Obviously there are many other factors, but as I reflected on our list, I realized that the successful entrepreneurs had gumption, which is a mix of initiative, resourcefulness, and common sense.

Zen and The Art of Motorcycle Maintenance on the Value of Gumption


Robert Pirsig devotes chapter 26 of “Zen and the Art of Motorcycle Maintenance” to a discussion of gumption. I re-read this chapter over the weekend and found some excerpts that are particularly on point (links added):

I like the word “gumption” because it’s so homely and so forlorn and so out of style it looks as if it needs a friend and isn’t likely to reject anyone who comes along.
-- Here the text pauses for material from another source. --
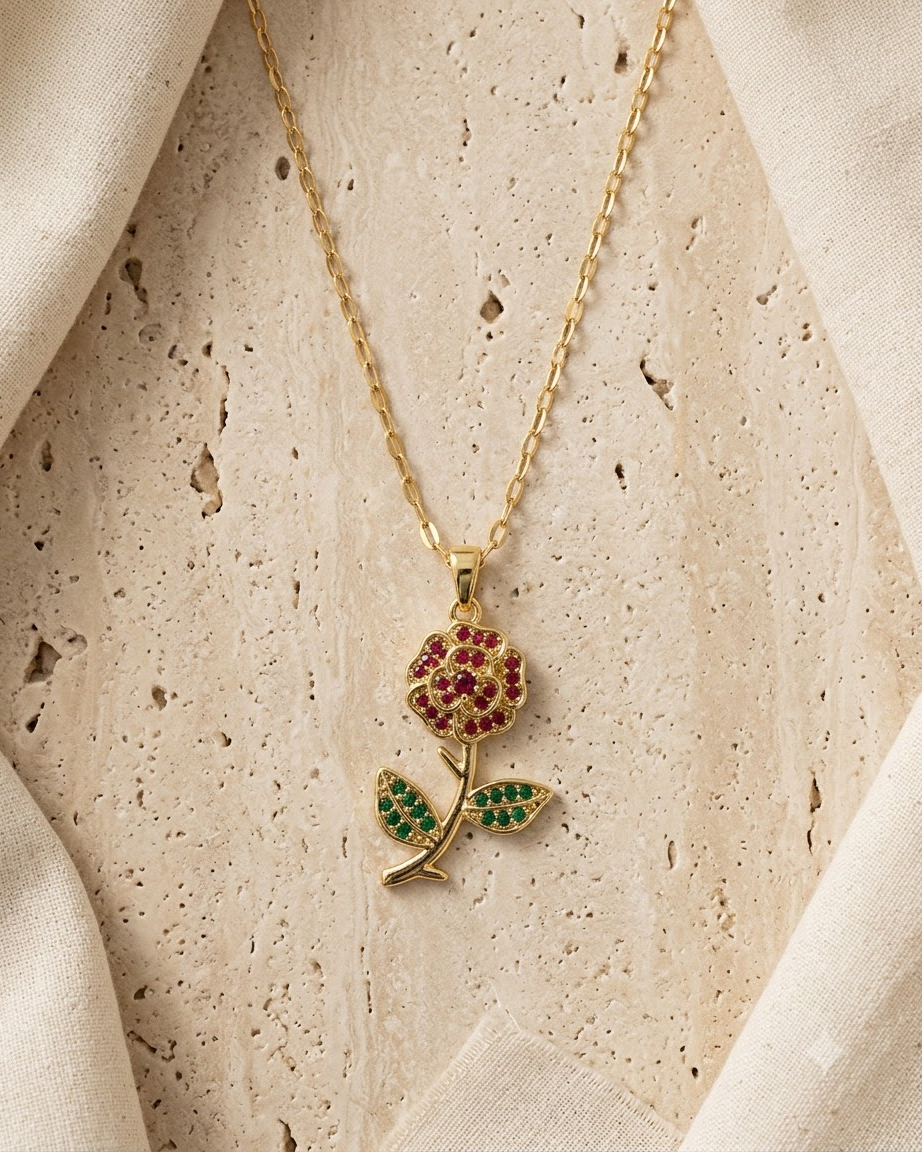 Red Rose Floral Crystal Pendant Necklace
It’s an old Scottish word, once used a lot by pioneers, but which, like “kin,” seems to have all but dropped out of use. I like it also because it describes exactly what happens to someone who connects with Quality. He gets filled with gumption.The Greeks called it enthousiasmos, the root of “enthusiasm.” which means literally “filled with theos,” or God, or Quality. See how that fits?

A person filled with gumption doesn’t sit around dissipating and stewing about things. He’s at the front of the train of his own awareness, watching to see what’s up the track and meeting it when it comes. That’s gumption.

[..]

The gumption-filling process occurs when one is quiet long enough to see and hear and feel the real universe, not just one’s own stale opinions about it. But it’s nothing exotic. That’s why I like the word.
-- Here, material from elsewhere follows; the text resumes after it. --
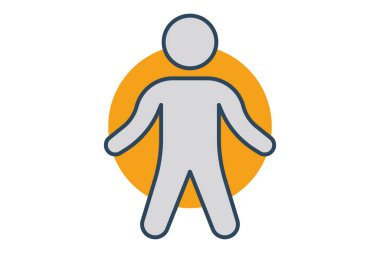 Yoga ikonu. Ayaktayken meditasyon. Sağlık ve beden eğitimi ikonu. Düz çizgi simgesi tarzı. element illüstrasyonu.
You see it often in people who return from long, quiet fishing trips. Often they’re a little defensive about having put so much time to “no account” because there’s no intellectual justification for what they’ve been doing. But the returned fisherman usually has a peculiar abundance of gumption, usually for the very same things he was sick to death of a few weeks before. He hasn’t been wasting time. It’s only our limited cultural viewpoint that makes it seem so.
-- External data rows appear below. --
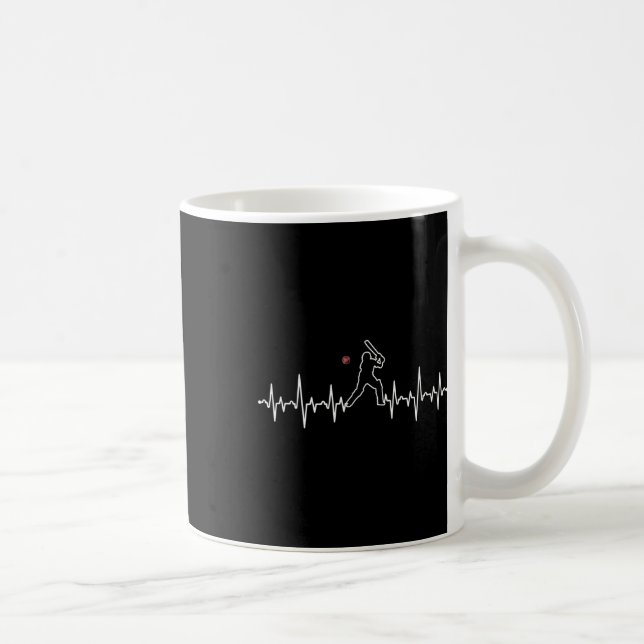 Cricket Player Heartbeat Cricket Gift  Coffee Mug (Right)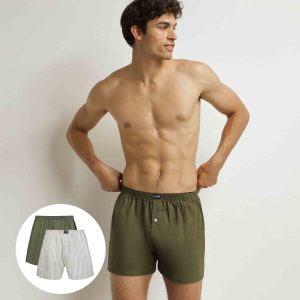 Pack of 2 Beige Striped Green Stretch Cotton Men's Boxer Briefs
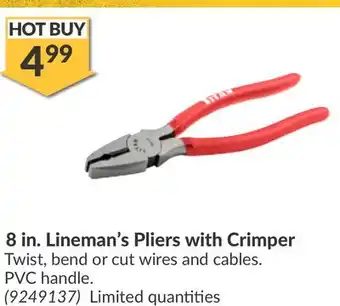 Princess Auto 8 in. Lineman's Pliers with Crimper offer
If you’re going to repair a motorcycle, an adequate supply of gumption is the first and most important tool. If you haven’t got that you might as well gather up all the other tools and put them away, because they won’t do you any good.

Gumption is the psychic gasoline that keeps the whole thing going. If you haven’t got it there’s no way the motorcycle can possibly be fixed. But if you have got it and know how to keep it there’s absolutely no way in this whole world that motorcycle can keep from getting fixed. It’s bound to happen. Therefore the thing that must be monitored at all times and preserved before anything else is the gumption.

Robert Pirsig outlines several techniques for maintaining gumption in the balance of the chapter. I took away three key habits appropriate for entrepreneurs:

  1. Keep a careful log of decisions.
  2. Avoid premature diagnosis: continue to correlate all of the facts against whatever hypothesis you are relying on.
  3. Re-evaluate priorities based on events and new information

He gives a memorable description of the “South Indian Monkey Trap” that’s worth adding to your “perhaps I have mis-assessed” checklist:

[T]he most striking example of value rigidity I can think of is the old South Indian Monkey Trap, which depends on value rigidity for its effectiveness. The trap consists of a hollowed-out coconut chained to a stake. The coconut has some rice inside which can be grabbed through a small hole. The hole is big enough so that the monkey’s hand can go in, but too small for his fist with rice in it to come out. The monkey reaches in and is suddenly trapped…by nothing more than his own value rigidity. He can’t revalue the rice. He cannot see that freedom without rice is more valuable than capture with it. The villagers are coming to get him and take him away. They’re coming closer—closer! — now!

Can you let go of what you have to allow yourself the freedom to become what you want to be?

That takes gumption as well I suppose.